Raymond Joseph, of Strasbourg, is believed to have been the inventor of the modern 4-wheeled wire supermarket trolley, which first arrived in this country in 1950 - at Croydon Sainsbury's.

Safeways now equip stores with rows of Regulars, Easisteers, Baby Seat Trolleys, Baby Plus Toddler Trolleys, Twin Baby Trolleys, Twin Toddler Trolleys, Wheelchair Trolleys, Disabled Child Trolleys and Elderly Person's Trolleys. Sainsbury's has tried miniature Child's Own Trolleys but kiddy gridlocks formed. Lo-Cost, promotes a "double choice of disabled trolleys".

In the past year, a pensioner died after scuffling with a younger man in a trolley argument in a Darlington car park, a woman was jailed for smashing a bottle of wine over the head of a trolley queue jumper in M&S, and a man in Bradford was punched into Kipling cakes by the husband of a woman achilles-heeled by his trolley. Another was also man jailed for ramming a woman in Safeways, Dewsbury. But, although there are 7,000 trolley related injuries treated per year, 15 million shoppers manoeuvre a trolley per week without serious "trolley-rage" or "child trolley fall".

This year, Asda tested a model whose back wheels lock when riding. There are studs embedded around the "outer-trolley perimeter" which curb trolley abandonment and their increasing use as incinerators, rabbit hutches, parrot cages, plant stands, barbecue grills, tool containers and bag-lady accessories.

Tesco's is testing trolleys fitted with microchips tracking movements in its Sutton Coldfield store. There is a "trolley stop-dead" magnetic field around Sainsbury's in Cromwell Road. Asda in Minworth in the West Midlands has trolleys with alternative wheels to cope with static electric trolley shocks that left, at worse, customers thinking they had suffered a heart attack by the baked beans. Then there's the double-level-plus- mezzanine trolley holding, car-loadable Smart-boxes, at Sainsbury's in Tunbridge Wells, along with tests on Long Trolleys for use by trolley- truckers (families who buy a month's goods at a time).

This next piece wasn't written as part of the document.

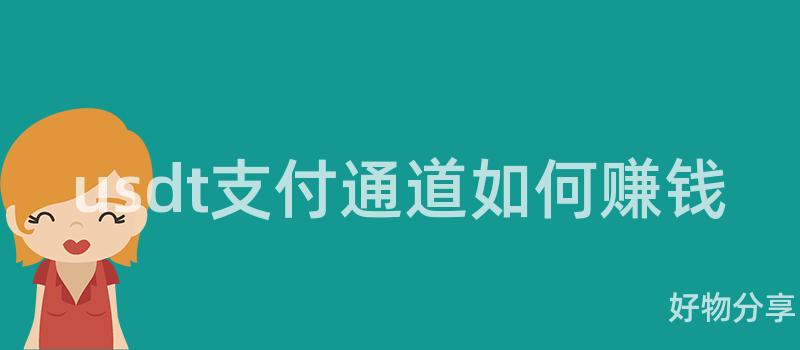 usdt支付通道如何赚钱插图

But here is the sort of trolley we can look forward to pushing in the new shopping millennium: a trolley with six wheels, all with unique castors; three seats of varying sizes and an advertising board at the front; with

in-built bar-code swiper and a smart card slot that sets off beeps when you pass any goods that head office knows you usually buy; there will be loudspeakers (and/or computer screen) onto which adverts are triggered; "stop dead and alert" infra- red devices and scanner initiators that read the final contents and trigger an itemised bill from an APP (Automatic Payment Point). This immediately sets internal re-order dockets in motion and composes a personalised message to be triggered when you next go shopping, along with children's quizzes, movie news and second-by-second details of your loyalty digits.

A brave new world or scrap metal with holes?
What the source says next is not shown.